Leave the pictures out and write out exactly the lines from the top of the entries through the line containing "A Man Is Fixing".

=======

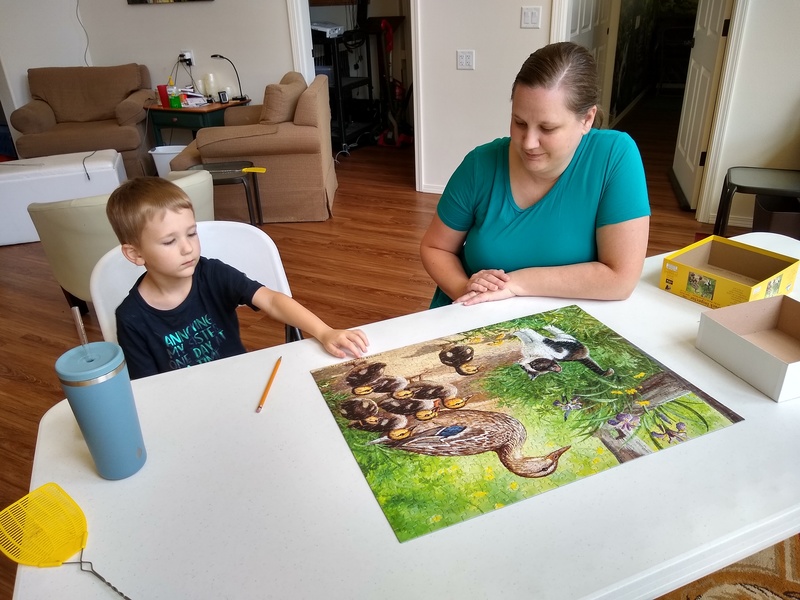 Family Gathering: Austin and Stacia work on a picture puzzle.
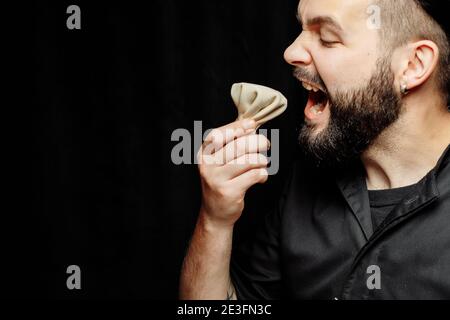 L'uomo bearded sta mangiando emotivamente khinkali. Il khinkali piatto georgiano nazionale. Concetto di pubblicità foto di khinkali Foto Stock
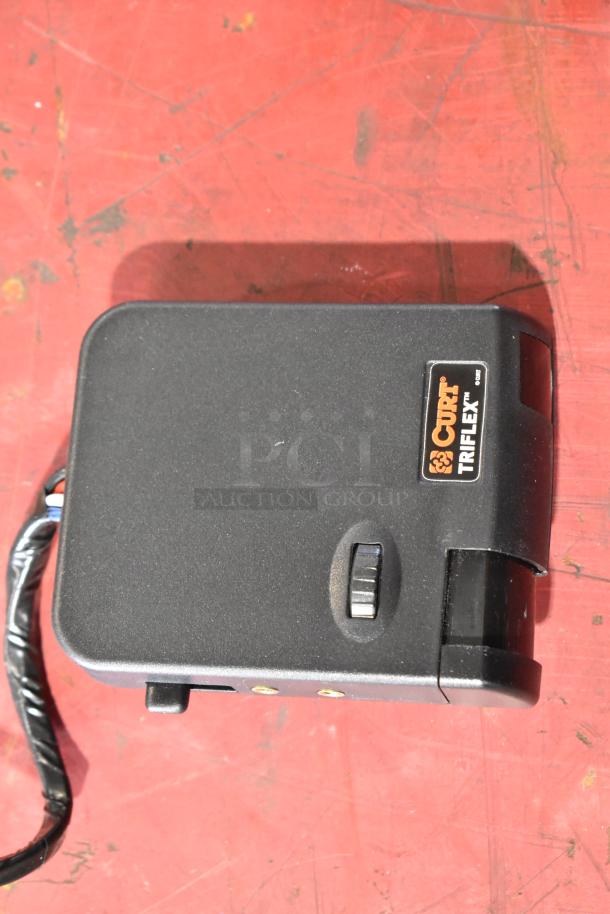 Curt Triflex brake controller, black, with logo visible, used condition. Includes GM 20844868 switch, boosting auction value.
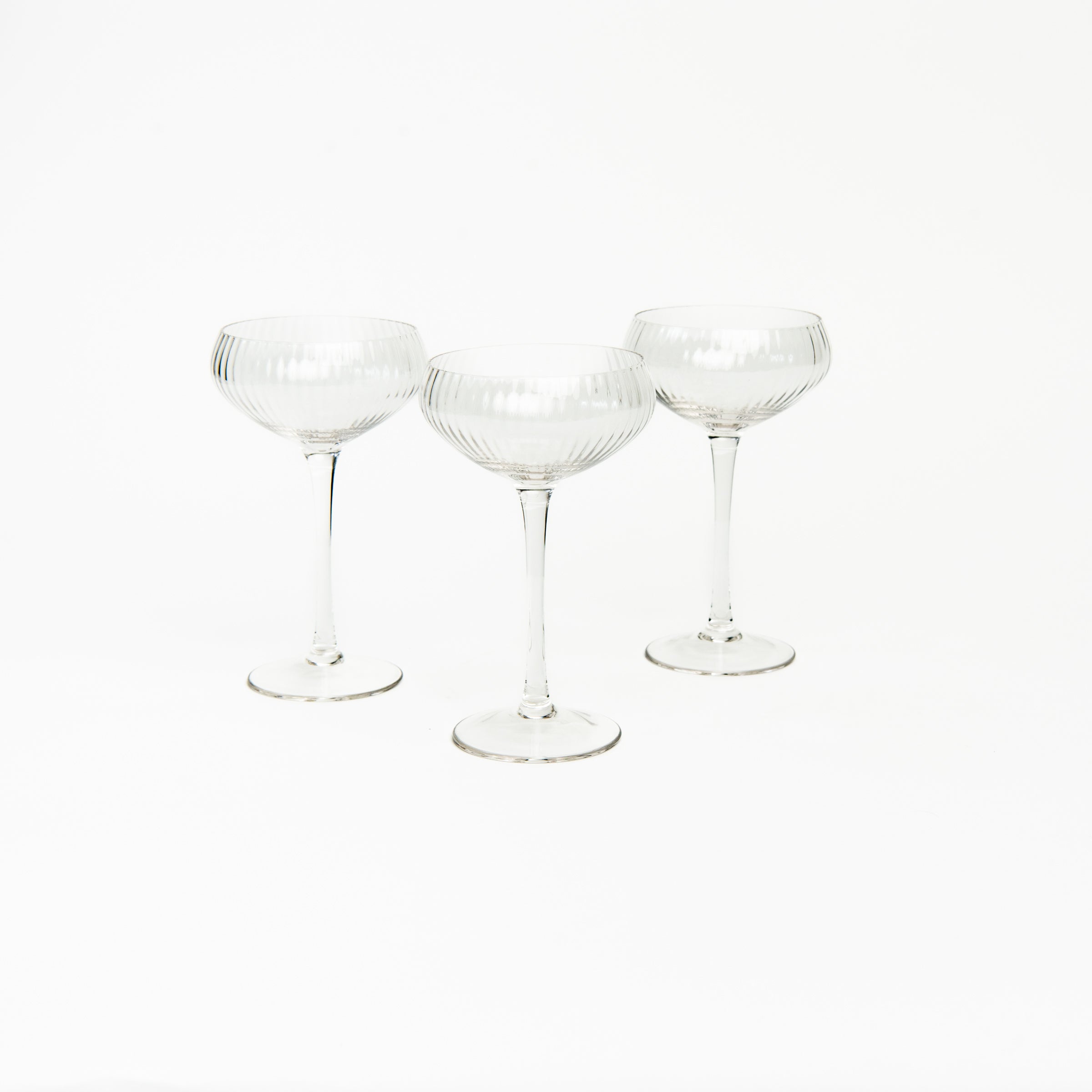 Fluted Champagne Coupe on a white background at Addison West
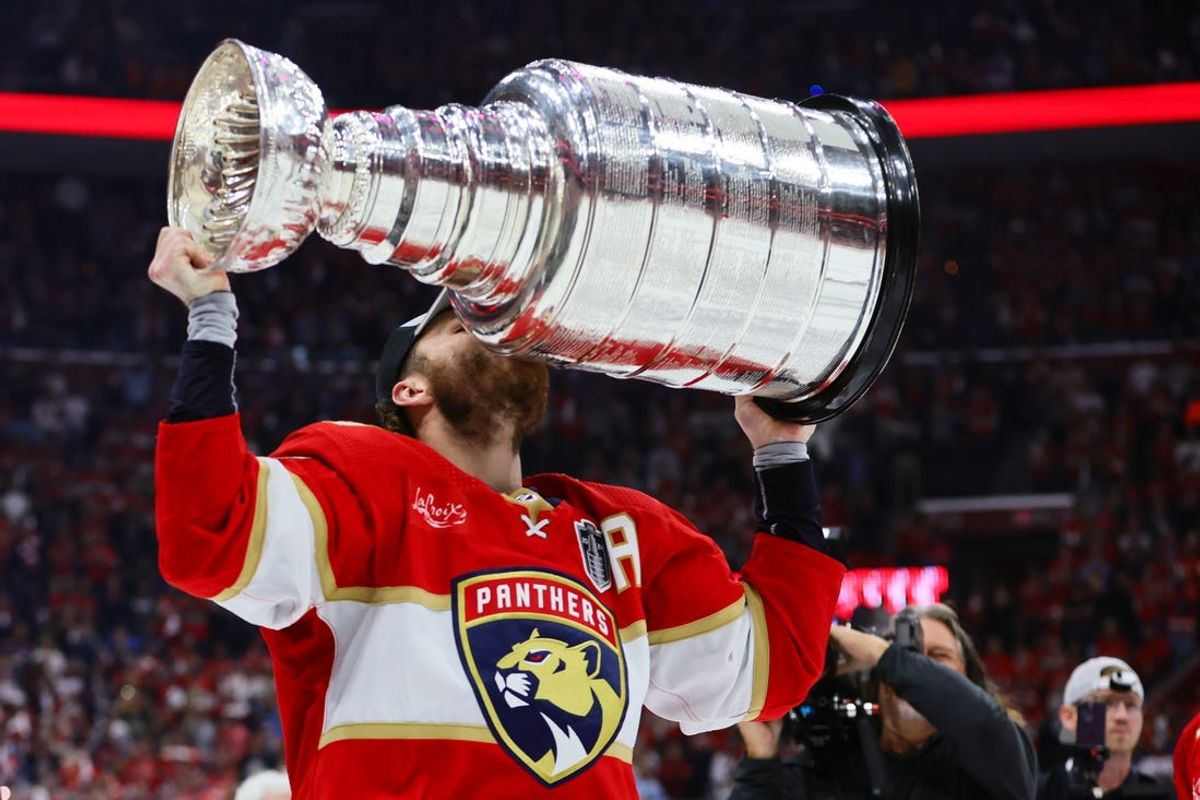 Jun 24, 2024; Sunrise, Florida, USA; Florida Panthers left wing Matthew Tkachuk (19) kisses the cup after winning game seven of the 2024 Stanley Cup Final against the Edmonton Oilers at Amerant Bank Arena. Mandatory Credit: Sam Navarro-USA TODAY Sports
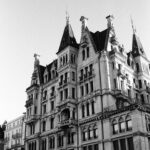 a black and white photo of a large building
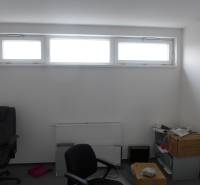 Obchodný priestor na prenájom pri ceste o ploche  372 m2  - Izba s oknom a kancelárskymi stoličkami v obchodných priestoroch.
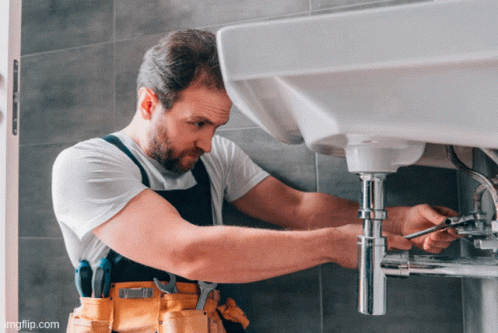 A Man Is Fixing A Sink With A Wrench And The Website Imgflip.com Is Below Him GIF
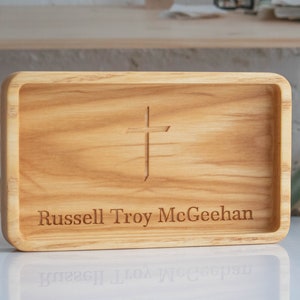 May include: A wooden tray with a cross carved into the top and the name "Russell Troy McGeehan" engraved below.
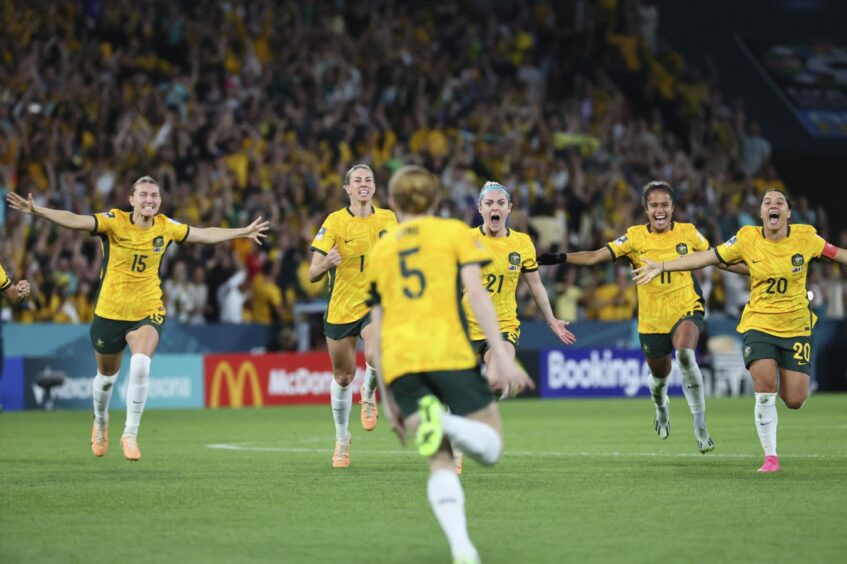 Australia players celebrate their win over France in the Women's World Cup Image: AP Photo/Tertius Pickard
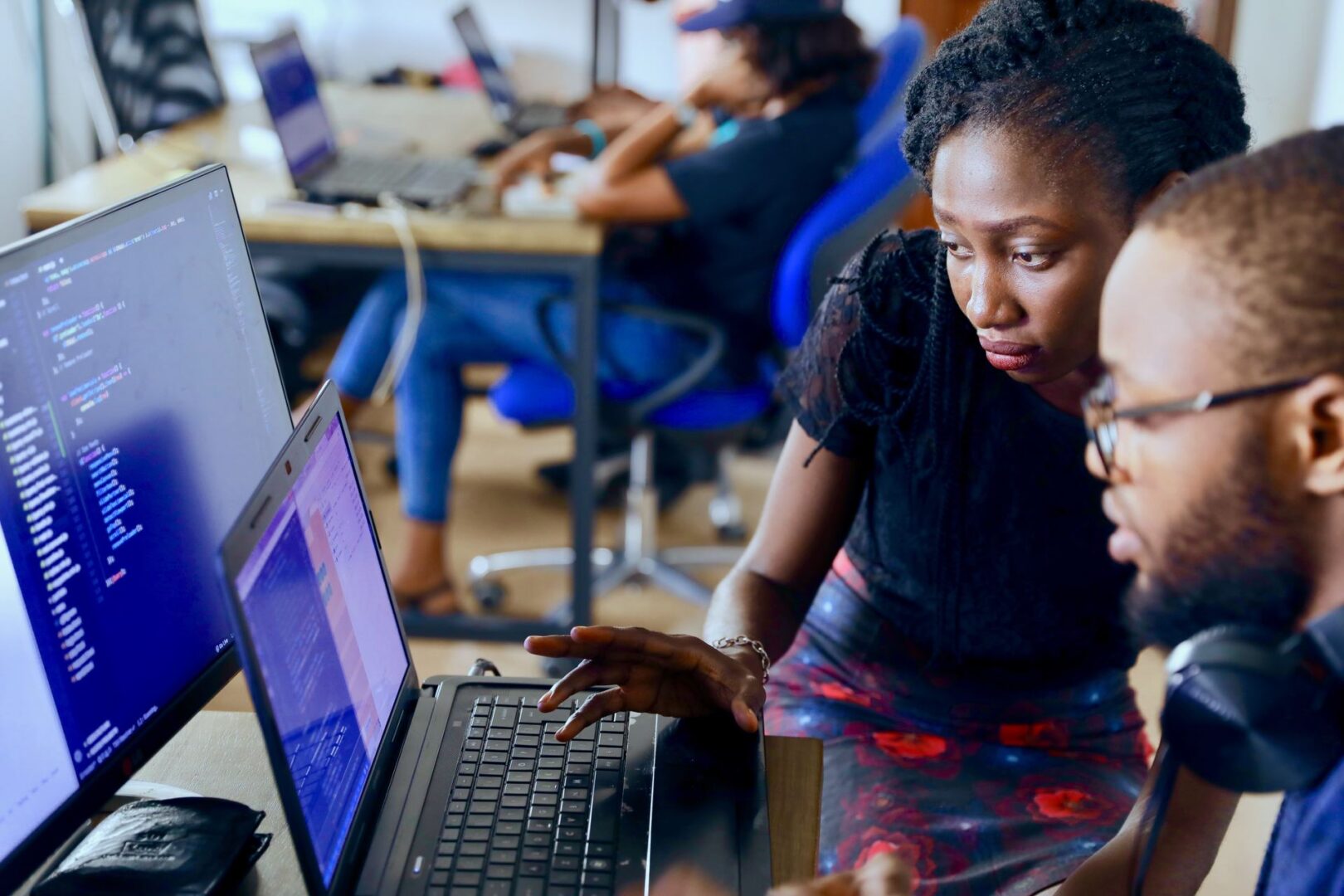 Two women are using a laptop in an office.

=======

TASK RESPONSE:
 Family Gathering: Austin and Stacia work on a picture puzzle.
 L'uomo bearded sta mangiando emotivamente khinkali. Il khinkali piatto georgiano nazionale. Concetto di pubblicità foto di khinkali Foto Stock
 Curt Triflex brake controller, black, with logo visible, used condition. Includes GM 20844868 switch, boosting auction value.
 Fluted Champagne Coupe on a white background at Addison West
 Jun 24, 2024; Sunrise, Florida, USA; Florida Panthers left wing Matthew Tkachuk (19) kisses the cup after winning game seven of the 2024 Stanley Cup Final against the Edmonton Oilers at Amerant Bank Arena. Mandatory Credit: Sam Navarro-USA TODAY Sports
 a black and white photo of a large building
 Obchodný priestor na prenájom pri ceste o ploche  372 m2  - Izba s oknom a kancelárskymi stoličkami v obchodných priestoroch.
 A Man Is Fixing A Sink With A Wrench And The Website Imgflip.com Is Below Him GIF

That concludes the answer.